Make money from your parking space
If you're lucky enough to live in a rental property with a driveway, there are a number of websites which allow you to rent out your parking space to someone who needs it.
Shop for food online
Make the most of bulk buying and spot the deals by shopping online for cupboard staples, toiletries and longlife items. You can choose a delivery slot based on the price (Sainsburys and Ocado offer £1 delivery) and it will save you carrying it to and from the shop or carpark as well!
Check your phone bill
Loyalty doesn't always pay. If you've been with the same provider since you had your first Motorola Razr at age 16, it's likely that you've never looked at the alternative offers available to you. If you're happy with your handset and have finished paying it off, take a look at the market and switch to the best sim-only deal. Do you need unlimited data or could you manage with a smaller 5GB allowance?
Make some sacrifices
There are only a lucky few people who can genuinely save as much as they need, without making some sacrifices to their lifestyle or personal spending. Make some choices about what you can do without - it might be taking in lunch twice a week, or buying new clothes only once a month - by making a conscious decision and keeping to manageable goals and you're more likely to stick with it. Think about how future you will one day be reaping the reward by moving into your own home!

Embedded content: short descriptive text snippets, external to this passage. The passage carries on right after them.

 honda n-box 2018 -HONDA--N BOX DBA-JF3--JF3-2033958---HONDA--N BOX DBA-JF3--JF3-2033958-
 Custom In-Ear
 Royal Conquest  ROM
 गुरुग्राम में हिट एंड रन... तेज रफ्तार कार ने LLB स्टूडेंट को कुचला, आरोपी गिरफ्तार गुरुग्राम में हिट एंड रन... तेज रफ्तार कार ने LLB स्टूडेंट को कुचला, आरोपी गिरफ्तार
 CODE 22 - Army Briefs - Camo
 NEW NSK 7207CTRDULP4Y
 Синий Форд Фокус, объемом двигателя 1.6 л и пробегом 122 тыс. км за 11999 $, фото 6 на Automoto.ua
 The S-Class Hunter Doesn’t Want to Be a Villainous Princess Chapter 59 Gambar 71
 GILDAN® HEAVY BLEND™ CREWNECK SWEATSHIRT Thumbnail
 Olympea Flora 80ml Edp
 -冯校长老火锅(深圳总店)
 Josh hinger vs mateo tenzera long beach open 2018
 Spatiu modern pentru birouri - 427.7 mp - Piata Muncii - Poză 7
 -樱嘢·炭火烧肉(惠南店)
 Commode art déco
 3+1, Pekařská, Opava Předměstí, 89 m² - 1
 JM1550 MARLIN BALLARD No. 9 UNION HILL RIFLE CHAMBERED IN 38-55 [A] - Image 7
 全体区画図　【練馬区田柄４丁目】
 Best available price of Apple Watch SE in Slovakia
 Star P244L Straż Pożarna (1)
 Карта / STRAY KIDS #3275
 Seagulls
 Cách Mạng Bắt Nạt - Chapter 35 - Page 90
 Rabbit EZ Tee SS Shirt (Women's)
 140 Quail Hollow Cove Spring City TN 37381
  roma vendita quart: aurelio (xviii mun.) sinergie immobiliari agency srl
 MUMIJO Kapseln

*Lifetime ISA, or LISA, was introduced by the UK government to replace the Help to Buy ISA, which was phased out in November 2019. Those who own a Help to Buy ISA can still benefit from a 25% government bonus when they use the savings to buy their first home, but the bonus is paid only at the time of the completion of the purchase. Both Help To Buy and Lifetime ISA savings and bonus can be used with the Proportunity Loan to buy your first home.